# Prompt:
The data must be returned in full and exactly as given.

# Exercise data:
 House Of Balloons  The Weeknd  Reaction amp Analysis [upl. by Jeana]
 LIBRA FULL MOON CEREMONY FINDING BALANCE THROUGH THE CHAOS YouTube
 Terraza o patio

# Answer for the task:
 House Of Balloons  The Weeknd  Reaction amp Analysis [upl. by Jeana]
 LIBRA FULL MOON CEREMONY FINDING BALANCE THROUGH THE CHAOS YouTube
 Terraza o patio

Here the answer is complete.